WASHINGTON, D.C. 20424-0001


DEPARTMENT OF THE ARMY HEADQUARTERS XVIII AIRBORNE
CORPS AND FORT BRAGG,

FORT BRAGG, NORTH CAROLINA
Respondent

and
AMERICAN FEDERATION OF GOVERNMENT EMPLOYEES, LOCAL 1770
Charging Party
Case No. AT-CA-40818
Michael T. Rudisill, Esquire For the Respondent
Mr. Ronald Ray Katt For the Charging Party
Sherrod G. Patterson, Esquire For the General Counsel
Before: WILLIAM B. DEVANEY Administrative Law Judge

DECISION

Statement of the Case

This proceeding, under the Federal Service Labor-Management Relations Statute, Chapter 71 of Title 5 of the United States Code, 5 U.S.C. § 7101, et seq. (1), and the Rules and Regulations issued thereunder, 5 C.F.R. § 2423.1, et seq., concerns whether, after reaching impasse in negotiations, Respondent violated § 16(a)(5) and (1) by terminating a compressed workweek without presenting the impasse to the Federal Service Impasses Panel (hereinafter, "Panel" or "FSIP"). Respondent asserts, in effect, that it presented the Union with requested data showing "adverse agency impact", i.e., specifically, increase in the cost of agency operations (5 U.S.C. § 6131(b)(3)), and, if it disagreed, the Union was obligated to present the matter to the Panel; the Union did nothing and, accordingly, the discontinuance of the compressed workweek was proper. For reasons fully set forth hereinafter, I disagree. Discontinuance of an established compressed workweek, when negotiations have reached an impasse, without submission of the matter to the Panel is a violation of the Statute even if the Union has not bargained in good faith.
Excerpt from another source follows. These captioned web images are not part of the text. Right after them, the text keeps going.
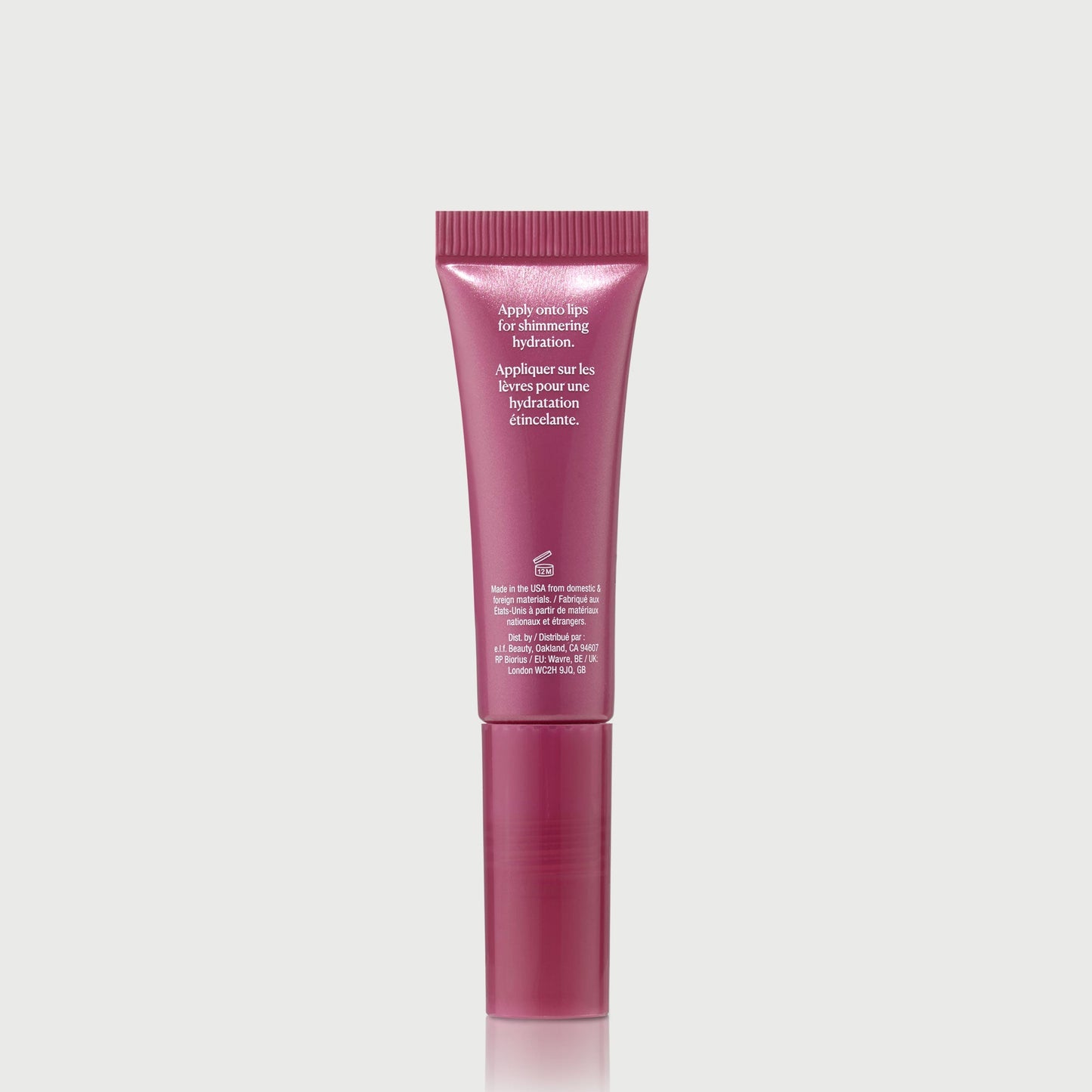 phyto-glow-lip-balm-shimmer-supernova-e8 NATR_60136_Phyto-Glow_Shimmer_Supernova_primary_capon_back_bonebkgd.jpg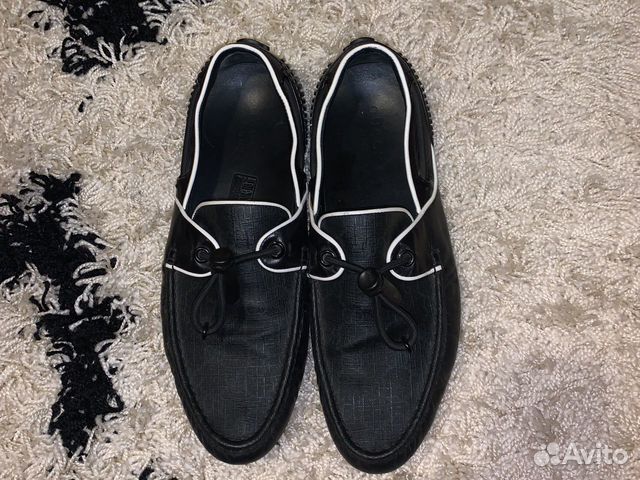 Мокасины gucci оригинал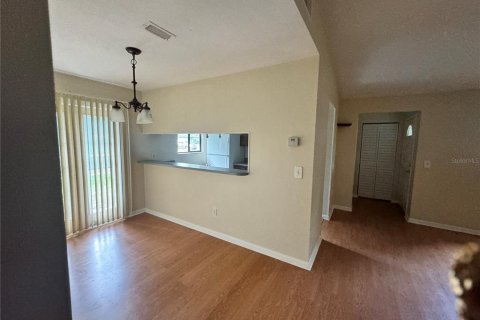 House in Gainesville, Florida 3 bedrooms, 102.19 sq.m. № 2393419 - photo 22
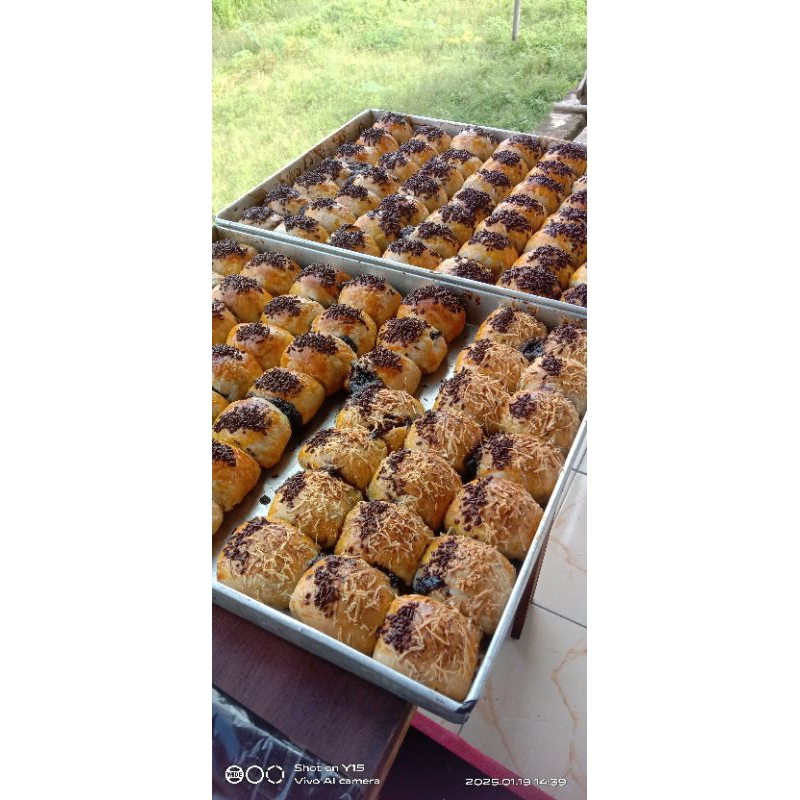 

kue Bolen Queenafiqa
This case was initiated by a charge filed on July 14, 1994 (G.C. Exh. 1(a)) and the Complaint and Notice of Hearing issued on March 9, 1995, setting the hearing for May 23, 1995 (G.C. Exh. 1(c)), pursuant to which a hearing was duly held on May 23, 1995, in Fayetteville, North Carolina, before the undersigned. All parties were represented at the hearing, were afforded full opportunity to be heard, to introduce evidence bearing on the issues involved, and were afforded the opportunity to present oral argument which all parties waived. At the conclusion of the hearing, June 23, 1995, was fixed as the date for mailing post-hearing briefs and Respondent and General Counsel each timely mailed a brief, received on, or before June 28, 1995, which have been carefully considered. Upon the basis of the entire record, I make the following findings and conclusions:


Findings

1. The American Federation of Government Employees, Local 1770, AFL-CIO (hereinafter, "Union"), is the exclusive representative of an appropriate unit of employees of Respondent and the parties have entered into a multi-unit Agreement (Joint Exh. 1), a Ground Rules Agreement for I&I bargaining (signed April 11, 1991) and Addendum thereto (signed September 11, 1992) (Joint Exh. 2, Attachments).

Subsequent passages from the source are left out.